Amid the excitement over the announcement of Prince Harry and actress Meghan Markle’s engagement, a heated discussion of whether Markle’s biracial heritage might improve race relations in Great Britain has been steadily gaining steam. Speaking with Newsweek, however, two noted British scholars tempered expectations for those hoping that Markle’s entrance into Britain’s historically white royal family could mark a watershed moment for the country, where 87.1 percent of the population is white and just three percent is black.
“She won’t be allowed to be a black princess. The only way she can be accepted is to pass for white,” Kehinde Andrews, an associate professor of sociology at Birmingham City University who launched the first black studies degree in Europe, told Newsweek. “If there are people who are celebrating, it’s a bit naive, and they’ll be very disappointed.”
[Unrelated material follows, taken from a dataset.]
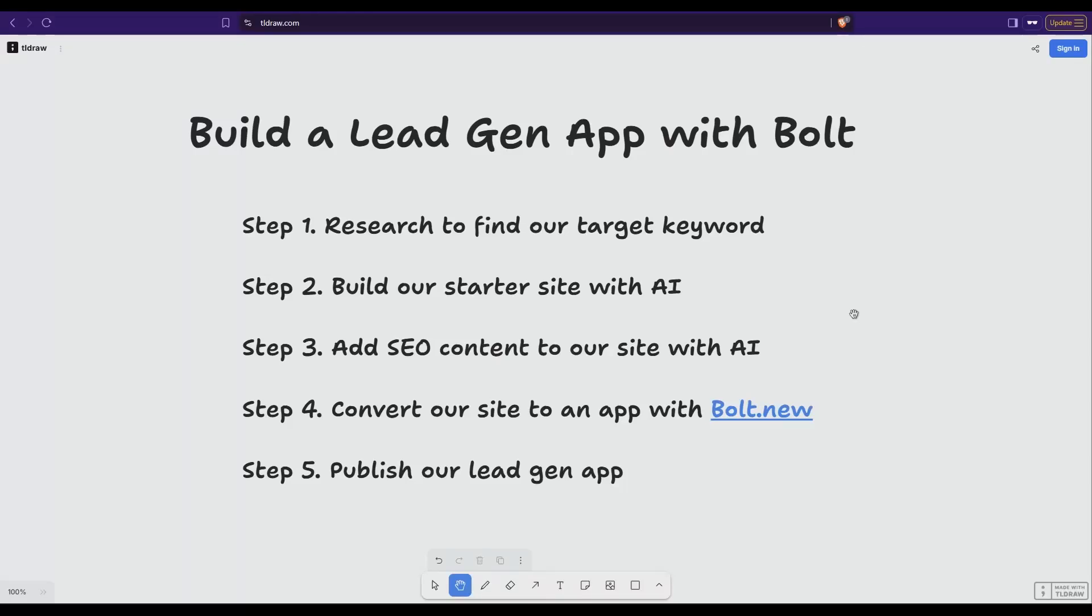In this video we're going to build a lead gen app with Bolt. There's a few steps involved to get there. First we need to do some keyword research to find our target keyword and we're going to build our site slash app around that.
A year ago, Prince Harry released a statement condemning the media for outright “racism” in their coverage of his then-girlfriend Markle, whose father is white and whose mother is black. Before the recent news of the engagement, one particularly offensive Daily Mail headline encapsulated the country’s preoccupation with Markle’s racial heritage, declaring that “Harry’s Girl Is (Almost) Straight Outta Compton.” On the other side of the coin, noted author Irenosen Okojie, Harry’s relationship with Markle led to an explosion of interest in the royal family — particularly from people of color — and reignited hope that the engagement could usher in “a new era where the boundaries of race and class will be blown open in Britain.”
Ellis Cashmore, a British sociologist and critic, agreed with Andrews that Markle would likely “be strongly advised by Royal advisers to avoid discussing her ethnicity.” But after Markle addressed the media maelstrom surrounding her heritage on Monday by calling the obsession with her race “disheartening,” Cashmore added that Markle seemed unlikely to be constrained by her royal advisers.
“She will ignore [the advisers] at some stage,” Cashmore told Newsweek. “She’s bound to want to describe how she feels about herself and how she self-identifies.”